● **TASK**
Write down exactly what lies from the line containing "The Apocrypha. An" to the end of the records, inclusive, and omit the pictures.

● **LISTED RECORDS**

----

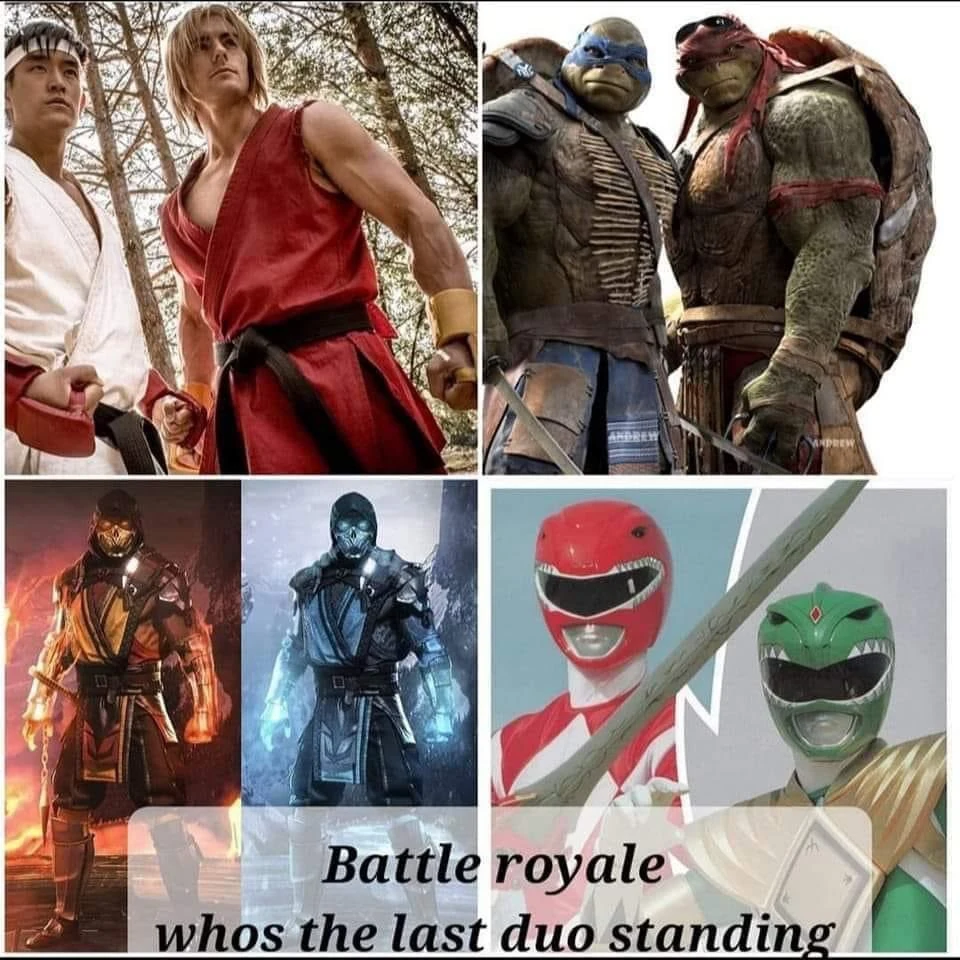 Which Duo is the last ones standing?! Fandom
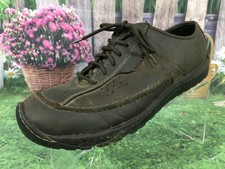 KEEN 1002906 Dillon Low Brown Leather Work Hiking Shoes Men's Size 11.5 / 45 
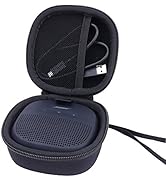 Aenllosi Hard Travel Case Replacement for Bose SoundLink Micro Bluetooth Speaker (Black)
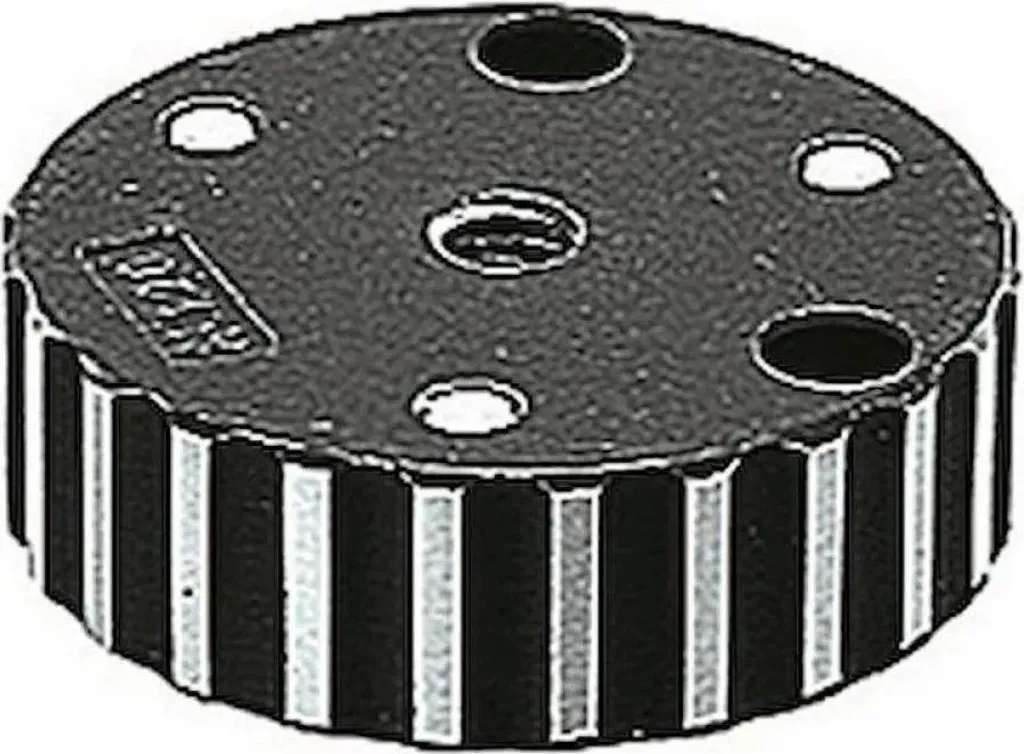 Manfrotto 120DF Disque d'Adaptation en Acier pour Trépied Pro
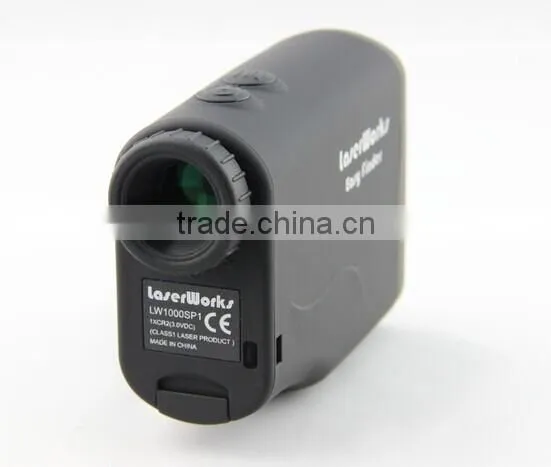 RF002 China OEM Level Distance Measuring Instruments Handheld Golf Laser Rangefinder photo-2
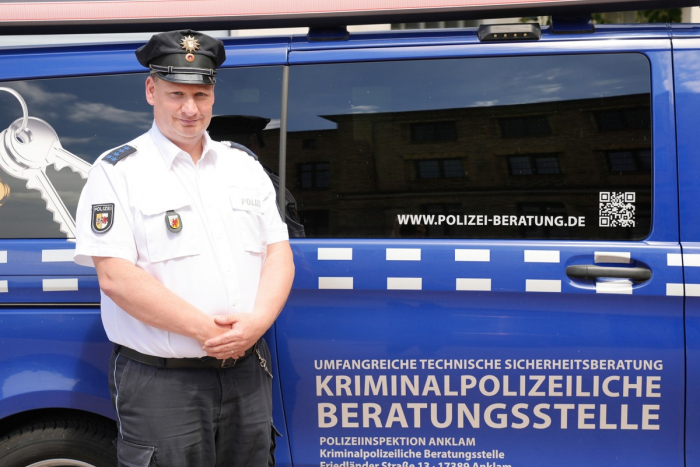 Kriminalpolizeiliche Beratung in Torgelow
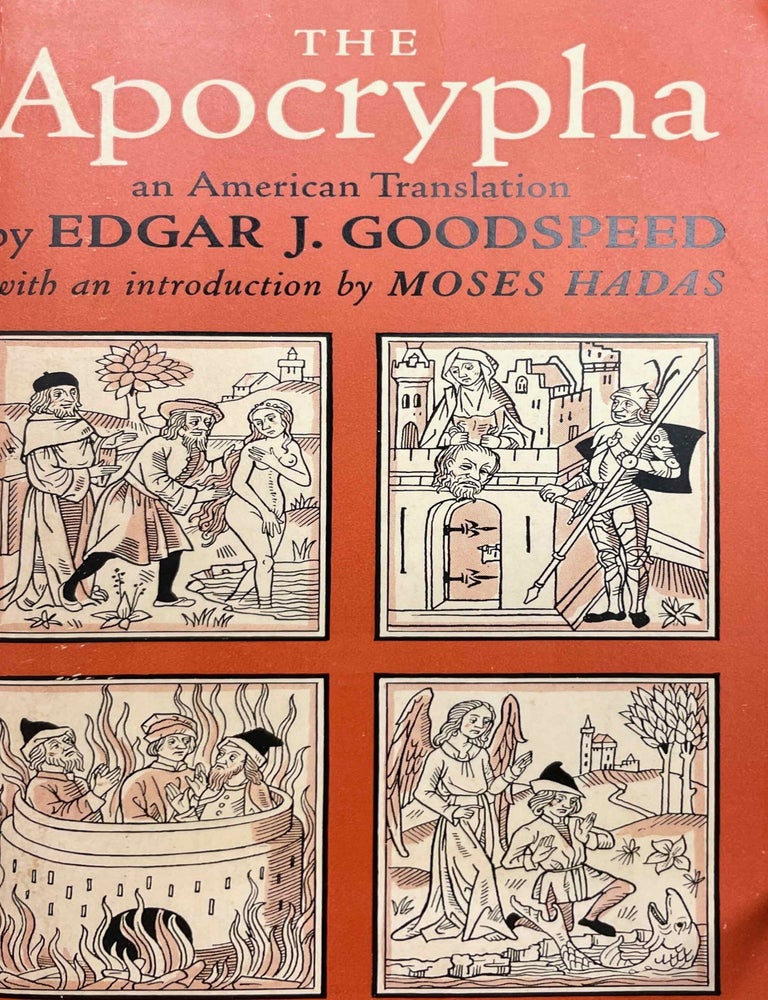 The Apocrypha. An American translation | GOODSPEED Edgar J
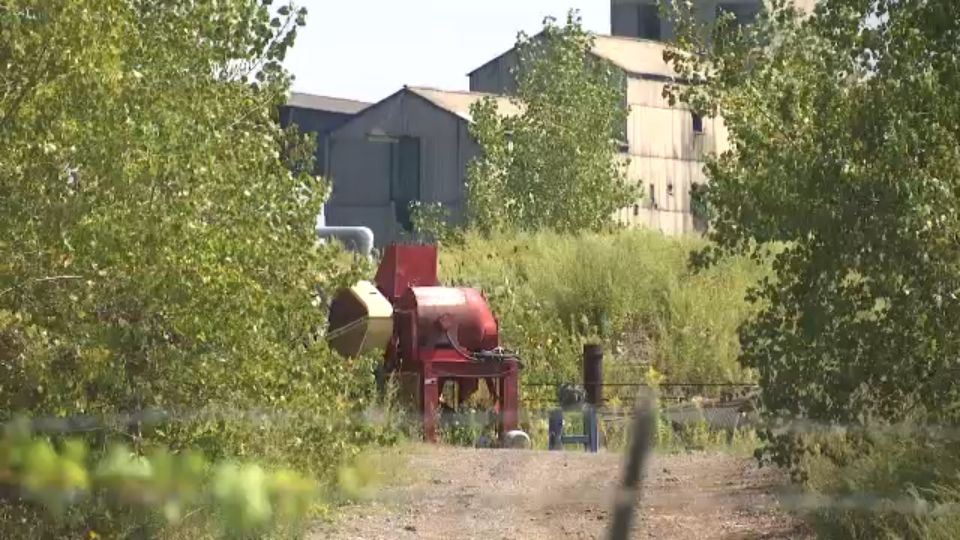 Tonawanda Coke plant outside Buffalo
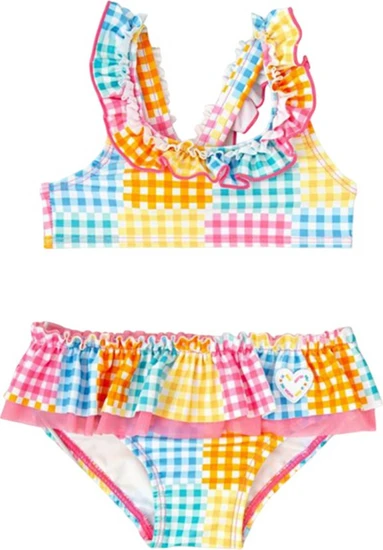 Agatha Ruiz De La Prada Παιδικό Μαγιό Bikini Set για Κορίτσι Ροζ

----

● **FINISHED TASK**
 The Apocrypha. An American translation | GOODSPEED Edgar J
 Tonawanda Coke plant outside Buffalo
 Agatha Ruiz De La Prada Παιδικό Μαγιό Bikini Set για Κορίτσι Ροζ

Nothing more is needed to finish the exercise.